Starting fom a close up of a keyboard the camera pans up to show the desk, then the office, then the office block, then the city, the county, the country, the continent as we leave the atmosphere and soon the whole planet is in view. The Earth-Moon system swiftly disappears from view as we pass the Sun (100,000,000km or 0.6 astronomical units away), then Jupiter ( a little under 6 AU), then the Pluto-Charon system in the Kuiper Belt (60 AU) and then Sedna (600 AU) before passing though the disk-shaped Inner Oort Cloud (6,000AU) and then the spherical Outer Oort Cloud (1 light year) marking the edge of the Solar System. 
 
At 10 light-years the local group of stars is visible and by 100 light-years we have passed through the Local Interstellar Cloud, a vast, tenuous expanse of gas though which the Sun is travelling. 1,000 LY reveals the Local Bubble and 10,000 LY the Orion-Cygnus spiral arm. At 100,000 LY our entire Milky Way galaxy is visible along with some of the its satellite galaxies. With the scale at 1,000,000 LY we can see our nearest galactic neighbours including Andromeda and a number of smaller and dwarf galaxies. 

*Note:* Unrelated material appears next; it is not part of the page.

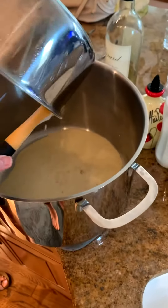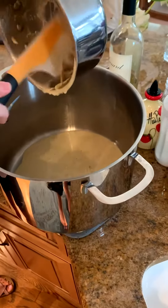Let me toss the sauce in here. We're pouring the alfredo pesto sauce in this hot pot first.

Beyond that is revealed at 10,000,000 LY our Local Group consisting of more than 30 galaxies gravitationally bound to the Milky Way-Andromeda system. 100,000,000 LY encompasses the Virgo Supercluster of which the Local Group is just one of at least a hundred similar groups. At 1,000,000,000 LY the Vigo Supercluster is just one thousands of superclusters and at 10,000,000,000 LY the great voids and filaments of galaxies that fill the Universe is apparent.


 This animation was created mostly with a combination of Lightwave 3D and Abode AfterEffects. The images are used are taken from the NASA and ESA archives with some retouching in Paint Shop Pro. The human figures in the office are exported from DAZ Studio and then rigged and animated in Lightwave.